On our recent January trip, wifey decided she wanted to do as we have done in the past, and that is get some sandwich fixings at the local grocery store and picnic in the city park that runs along the shoreline.

During high season, when someone is on duty, the posted entry fee is $8. There was no one collecting money, so we drove on in only to find out that the major section of the park was closed. We managed to find a place to park adjacent to a picnic table.

The temperature was coolish, the sun was shining, the wind was blowing and seagulls were piercing the air with their shrieks.

Upon closing my eyes for a moment, my thoughts traveled westward, it was just like . . .  well, not quite . . .

But enjoyable just the same.

Next post: February 1, 2011

Tuesday, January 18, 2011

Bits and pieces abound in the Big Easy

Our Christmas week excursion to New Orleans involved taking a walk around the Garden District, a ride on the streetcars for the first time and enjoying new eating establishments.

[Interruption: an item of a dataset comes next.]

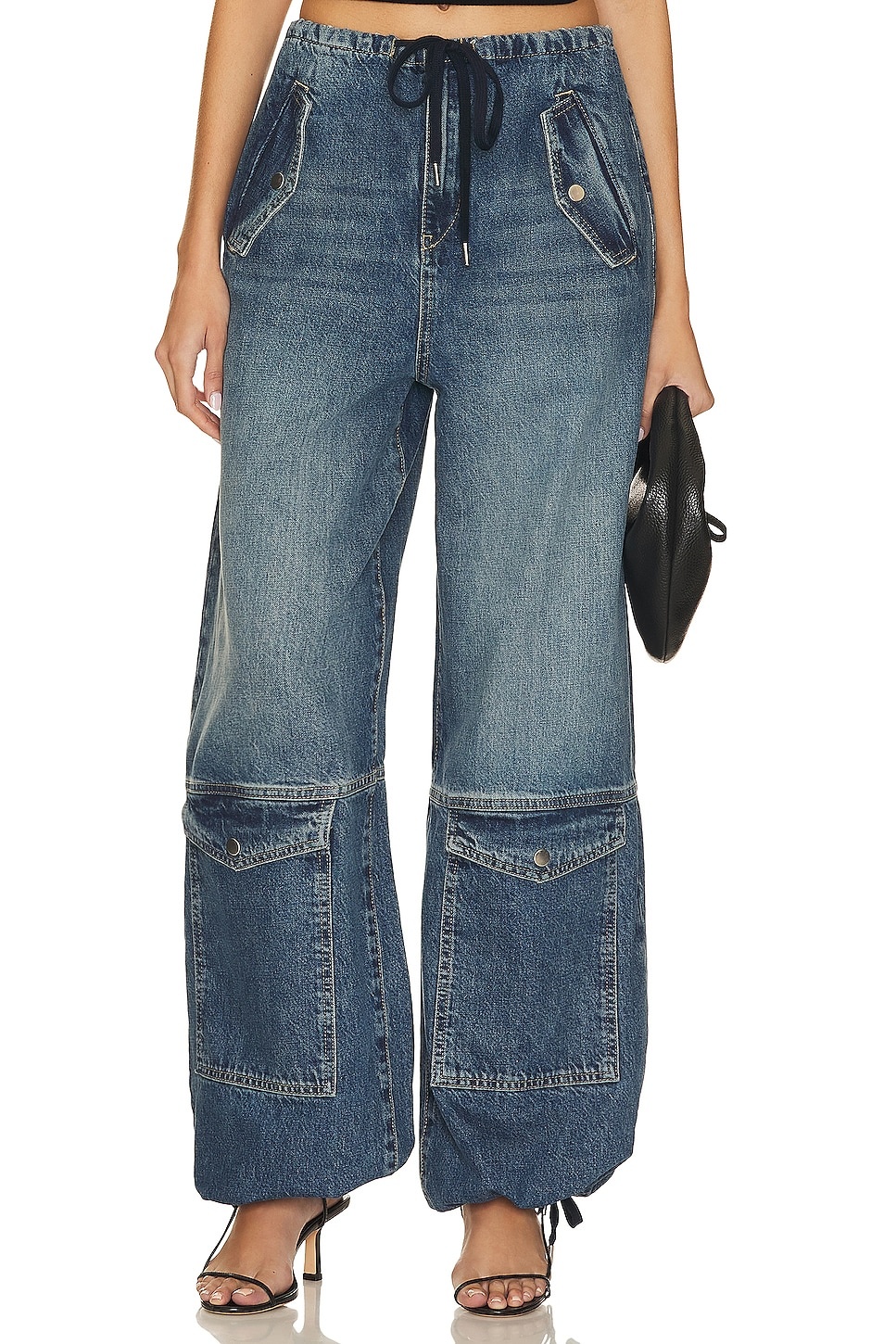 Alix Wide Leg Drawstring Cargo - 2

We also got a look at the lunar eclipse although we got up too late to see the event at its main point.

My wife ran around taking pictures of houses while in the Garden District. Myself, I majored on the minor. I tried to find smaller subjects, some that were out of place or others that just held some interest. Or were just downright funny.

I also have also begun looking down more often for pictures, trying to find detail and differences in the places where we walk.

The streets of the Big Easy, like other cities with a lot of trees, also fall victim to the roots of various types of trees, in the South, especially the oaks. The week of Christmas also held some remarkable color, even for this time of year.

People put stuff down here and there, not thinking they are littering, but offering the opportunity for a passing tourist to snap an unusual photo.

We were out a lot at night and ran across at least one "truism" that fits us and our children.

Next post: January 25, 2011

Tuesday, January 11, 2011

Straying from the food standard -- almost

During our Christmas trip to the Big Easy we managed to avoid restaurants we usually visit.

It was sort of by design that this happened. We just wanted to experience new places.

That is, of course, except Cafe du Monde where we have to have our traditional beignets and cafe au lait at least once, but this time we made a second visit. Wife Linda prefers milk instead of coffee (when tea is not available).

Cafe Pontalba is usually on our list. It is located on Jackson Square. Easy to get to, with big French doors opening (during mild weather) onto the activities of the French Quarter.

On our previous trip we stopped at Central Grocery for a muffaletta. Linda can handle only so much salt in her diet. But the sandwiches are good. And there is usually a wait in line.

We usually work these in when it is just a daytrip. This time we spent two nights and added new places.

Our first luncheon meal upon arrival ended up being in our van outside a coffee shop that didn't offer anything in which we were interested.

We almost always bring along some food just in case we get stuck in a time-food conundrum. We looked in our cooler and made a meal out of some cheese, crackers and orange slices. 

Between an excursion through the Garden District and Lafayette Cemetery No. 2, we did go in to the Still Perkin' for a latte and hot tea (pictured above).

The next day, we had a lunchtime treat on the St. Charles street-car line. We rode from downtown all the way out to the terminus. On the way back, we hopped off upon spotting a fairly nice looking place to eat. But upon our walking in, the music was just too loud for us.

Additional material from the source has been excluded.